The first day of work was especially difficult, as the Haitians waited to see what kind of jobs they were given in comparison to those of the Dominicans. Tensions eased up considerably once they were assured that they were given equal tasks, or that positions would frequently be changed if one of the Haitians were asked to do a particularly dirty job while a Dominican was given a “nice” job. But what helped set the stage for a real breakthrough in the reflection periods came after the project was finished and everyone could see the end result. The Haitian participants could witness tears of joy and gratitude in each of the Dominican children who would be using that school. Hugs, kisses and small gifts of gratitude they received from grateful Dominican parents transformed them.

It was this particular context that set the stage for this learning to take place. It challenged the Haitian participants to reflect anew as to their presuppositions concerning the Dominican people as well as their understanding of themselves. I doubt that a different type of context would have had as powerful an ending as experienced in this project.

For educators concerned about context, we have to say that service learning provides religious educators with the most complete range of contexts possible. What do I mean by this? Karen Tye’s succinct text, The Basics of Christian Education, offers valuable insight into the diversity of context as she reminds us that it is not simply the “place” in which we teach. Context necessarily challenges us to consider the hidden contexts of a place, the inner contexts that our students carry with them, and the theoretical contexts toward which we teach. As Tye expresses it, context “includes attitudes, emotions, relationships, cultural qualities, and many other factors that shape the environment.” (Tye 2000, 30) Staying in the classroom limits the types of contexts that we can address and the degree of contextualization that can take place. But in service learning those limitations need not be present.

Consider the Dominican project discussed previously. We have the physical context of the poor, rural Dominican villagers. We also have the larger context of Hispaniola and all that it means historically and emotionally to both the Dominicans and the Haitians. There are the inner contexts of the two cultures and nationalities as well as the individual contexts of each participant. For example, several of the Haitians were from poor communities themselves, while one young woman was the daughter of the former President of the legislative body and grew up in Pétitionville, an historically wealthy section of Port-au-Prince. Many of the Haitians were college students, but some of them were not and did not hope to be. Denominationally most of the Haitians were Evangelical Christians, though possibly some of them grew up in homes that also practiced indigen­ous expressions of faith and possibly magic.

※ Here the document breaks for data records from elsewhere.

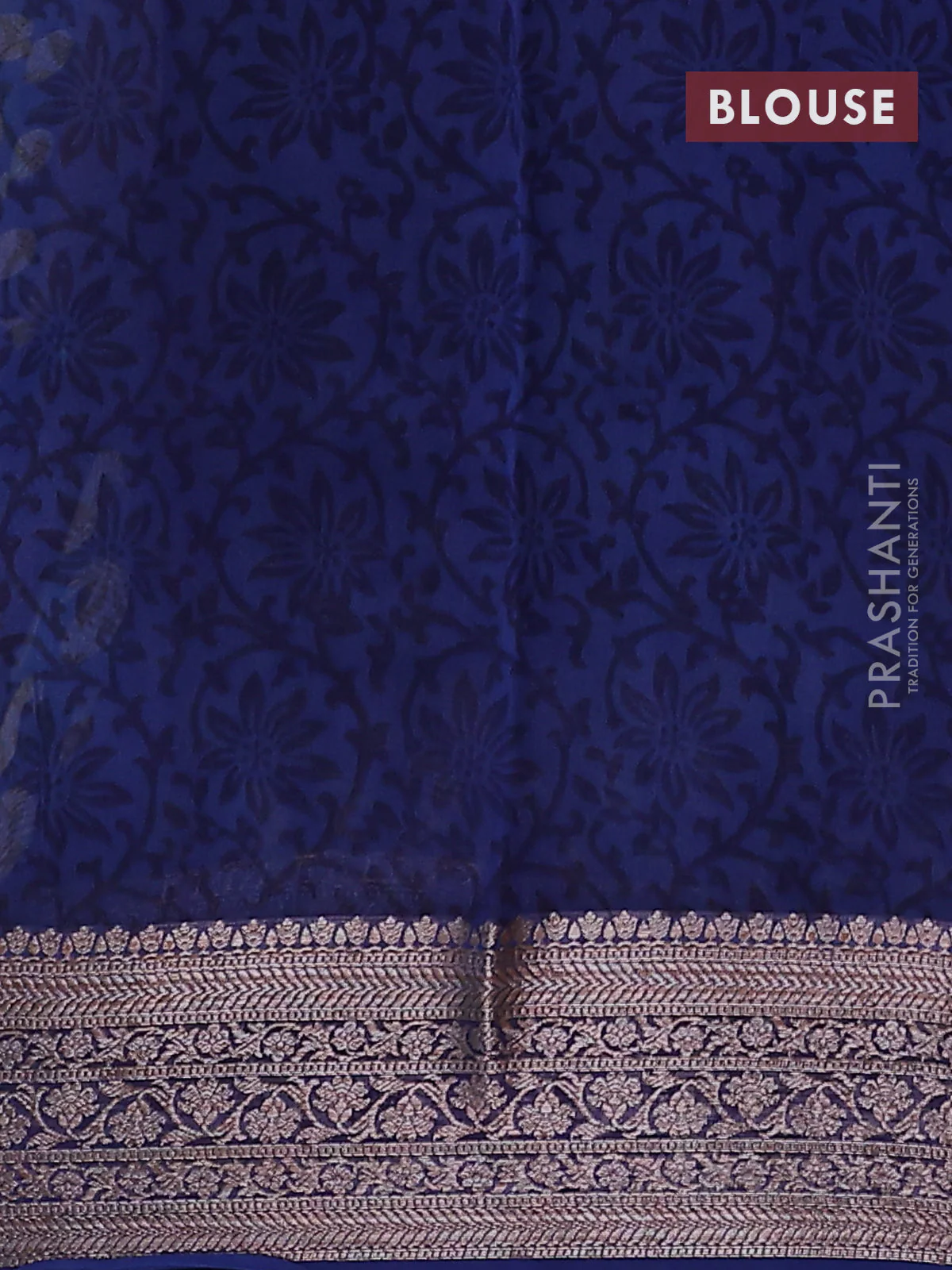 Chanderi silk cotton saree blue with allover paisley prints and banarasi style border - Image 4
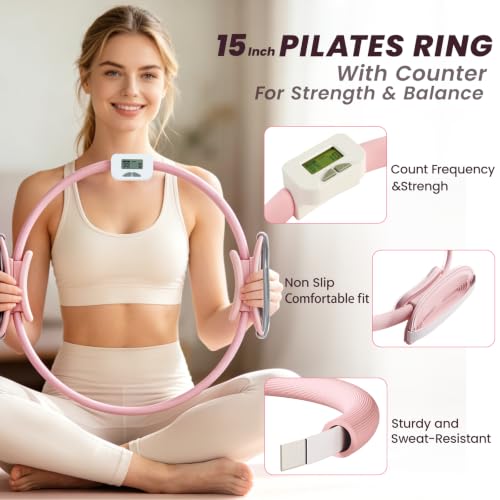Pilates Kit for Home Workouts,Pilates Equipment for Women with 15" Ring | Pilates Ring with Smart Counter & Timer,Pilates Resistance Bands, Ball 9.8" Socks,Core Sliders Pilates Starter Kit for Women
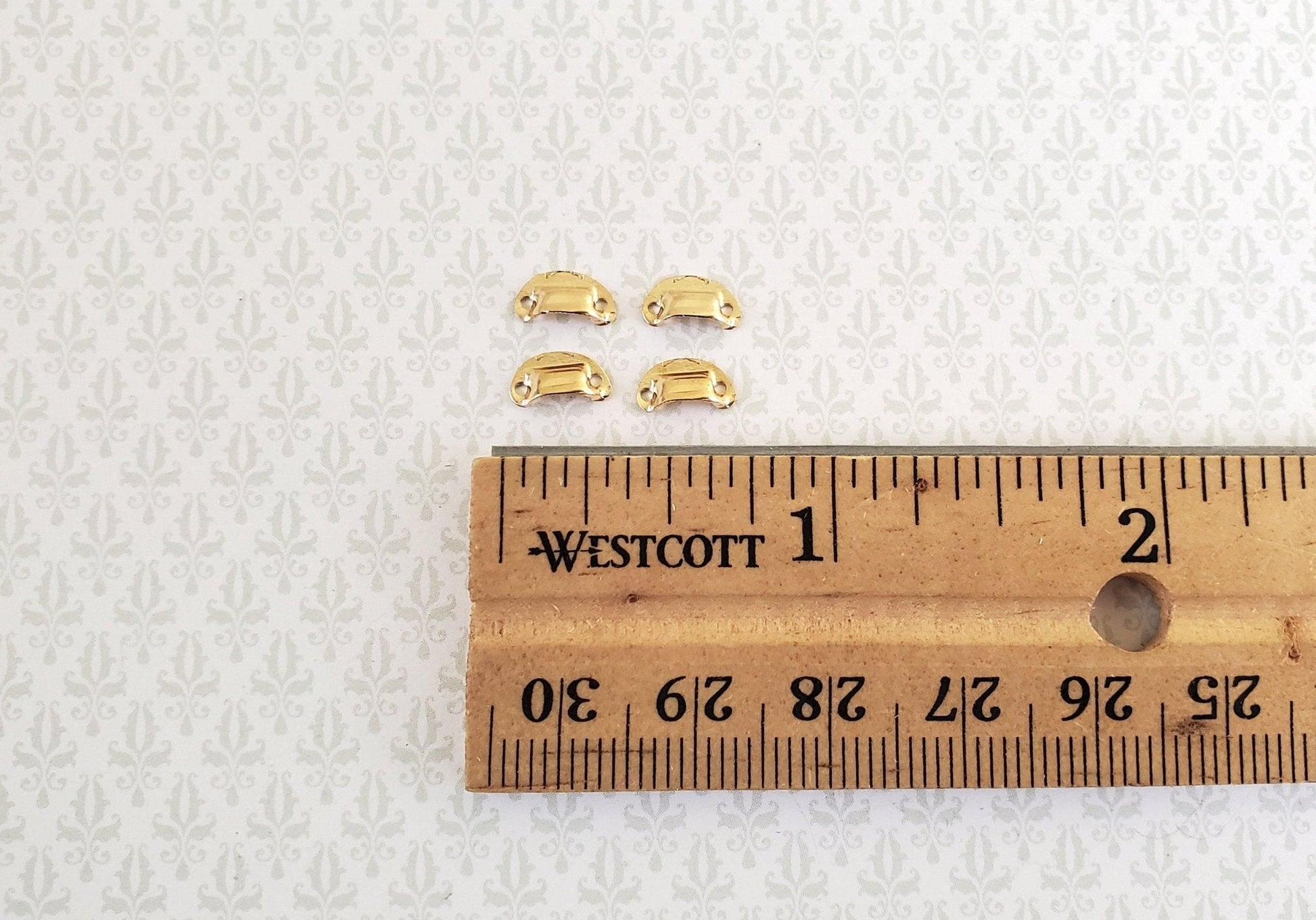 Dollhouse Miniature Drawer Cup Pulls Cabinet Gold Finish Metal x4 1:12 Scale - Miniature Crush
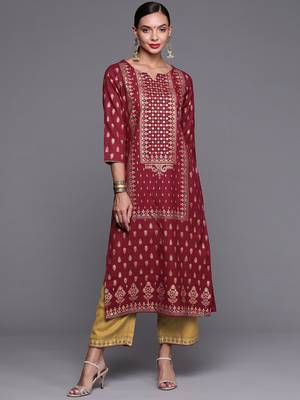 Indo Era Maroon Foil Printed Straight Kurta With Palazzo Set 4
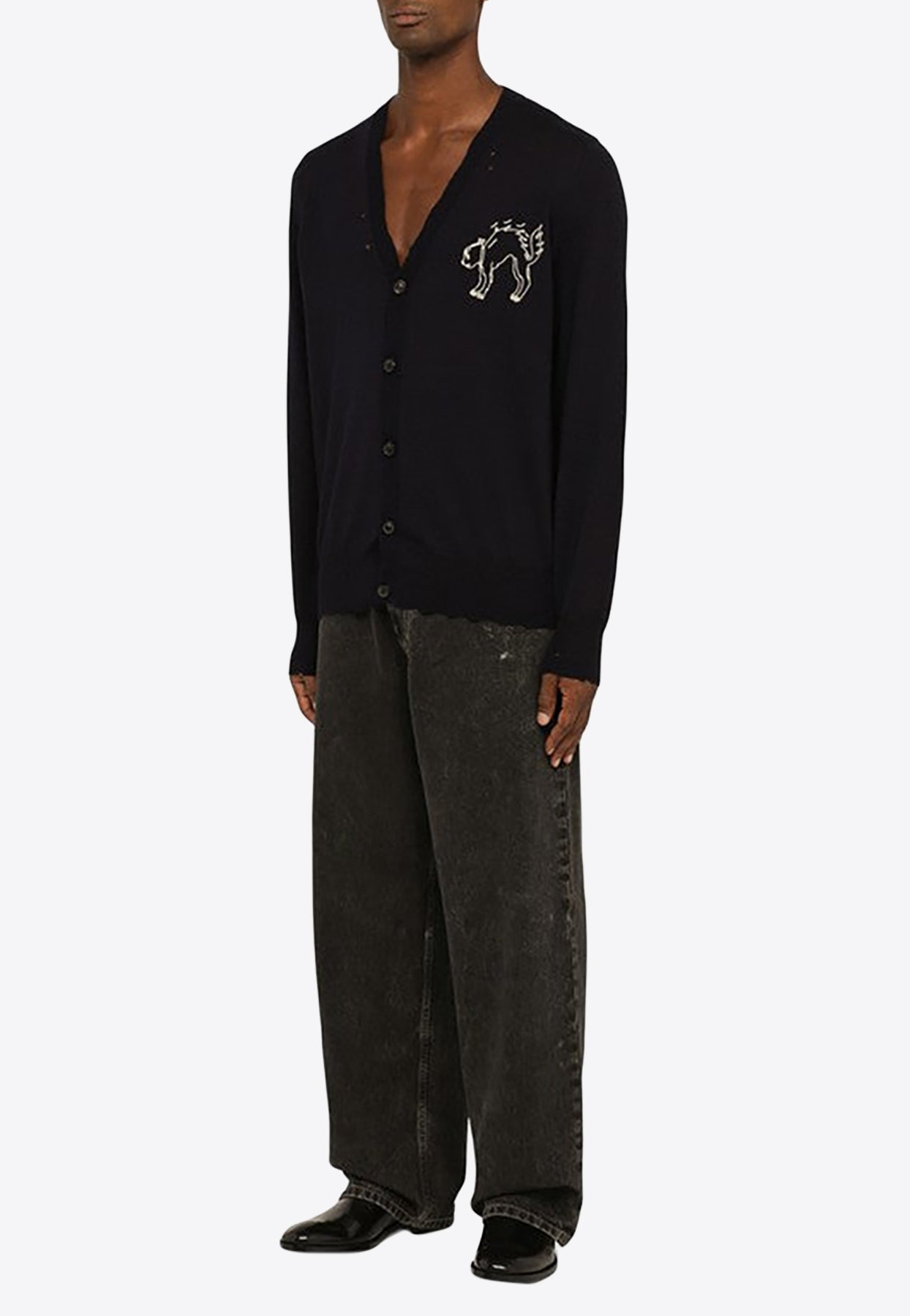 Shop Maison Margiela Embroidered Wool Cardigan In Blue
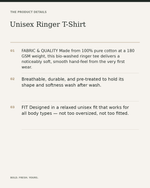 Unisex Ringer T-Shirt — product details, fabric, fit and care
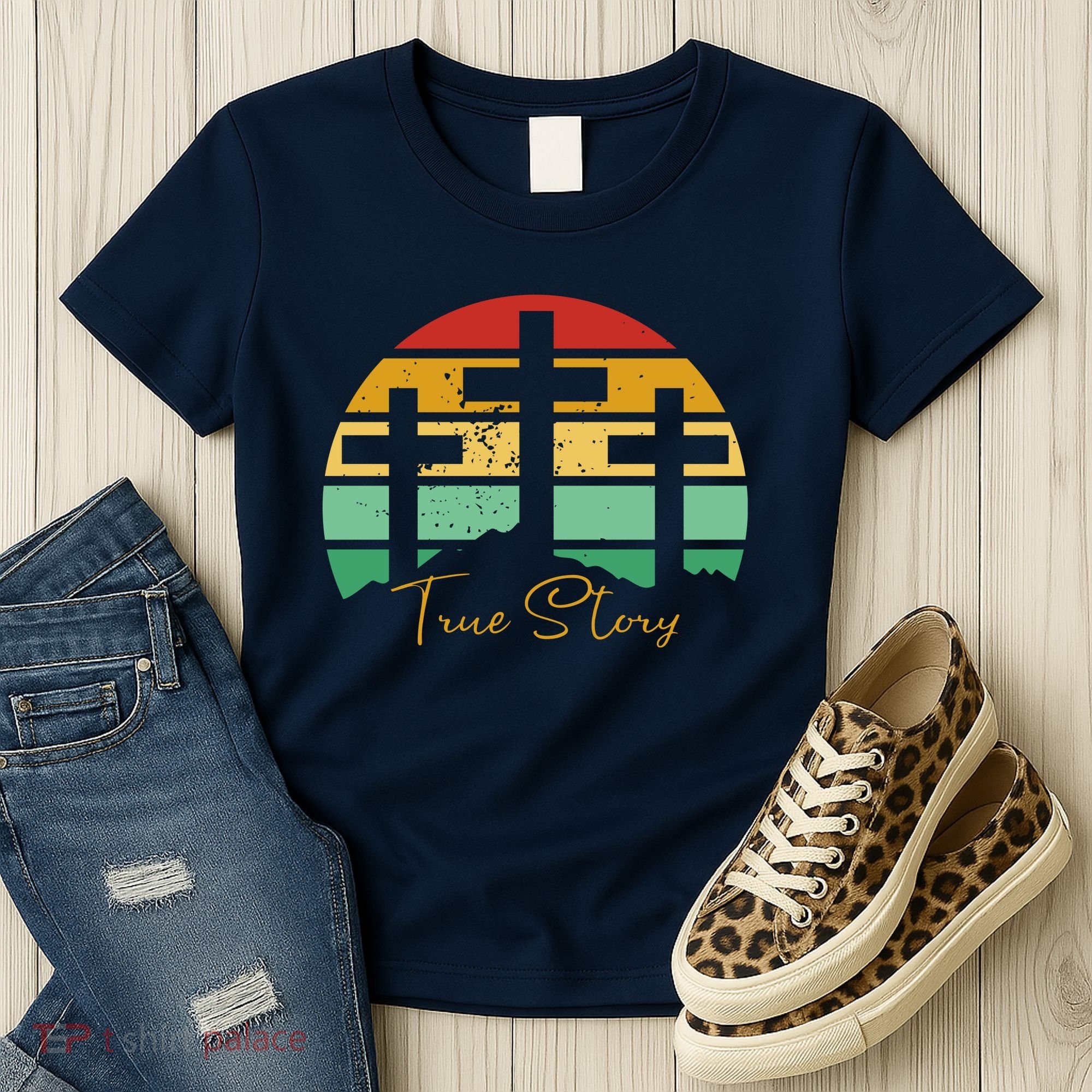 True Story Easter Cross Retro Sunset Women's T-Shirt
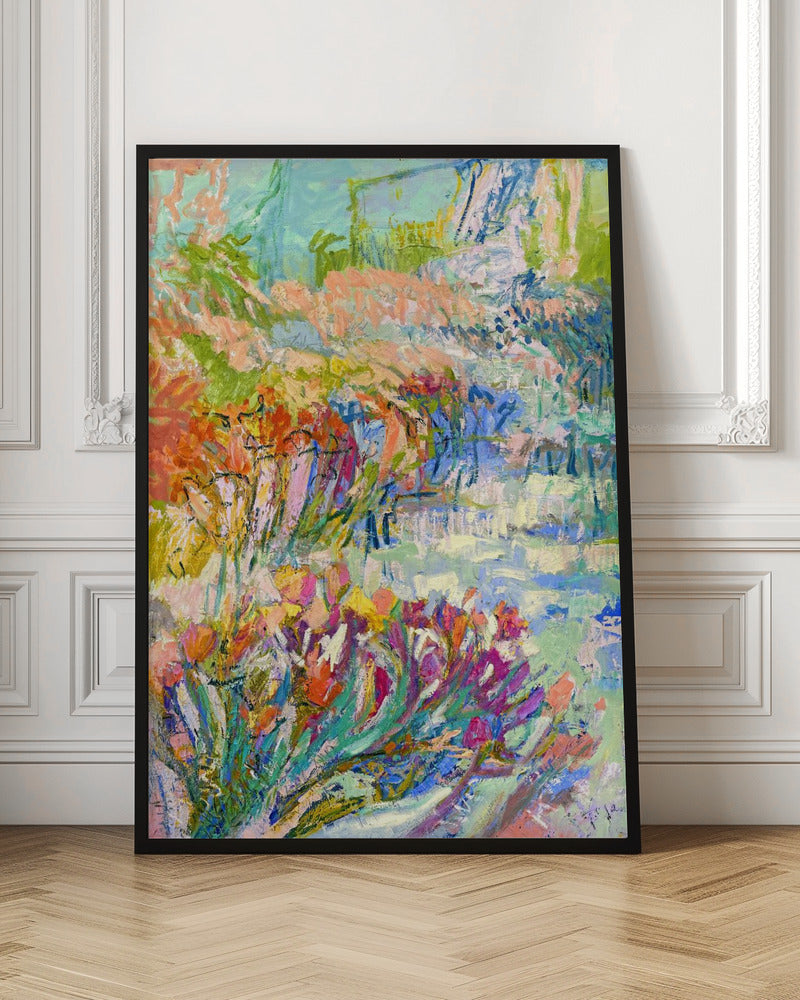 Vibrant Garden Path - Stretched Canvas, Poster or Fine Art Print I Heart Wall Art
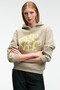 Lioraen Women's Printed Relaxed Kangaroo Pocket Hooded Stone Color Sweatshirt - 3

The Dominicans similarly represent­ed diverse contexts, with an added context of representing Catholic Christianity. A smaller sub-group was a group of Japanese students from the University of Bridgeport, many of whom were Unificationists. This group often acted as a mediating force in the project, thus adding another dimension of context.

There was also the context of the living quarters, a small but nice facility where the men slept in three large rooms and the women slept in four rooms scattered around the property. The main meeting area was a small amphitheater-like structure with a gazebo nearby that was reached by crossing a small but quaint footbridge over a small pond. There was a swimming pool and two other small meeting areas—one in the living room of the main house and the other by the pool. The pool brought the participants together in a joyful spirit while the amphitheater was where many of the large group reflection activities took place, including a closing “bridge-of-peace” ceremony. Each area of the property evoked a different feeling in the participants. In fact, the pool meeting area was utilized intentionally for a more serious conflict-resolution reflection activity because of the warm and joyful feelings it evoked in the participants. At that point in the project, the program directors wanted to challenge the participants’ stereotypes and self-perceptions more directly, and felt that it would be more conducive to learning if the sessions were conducted in this “warmer” context.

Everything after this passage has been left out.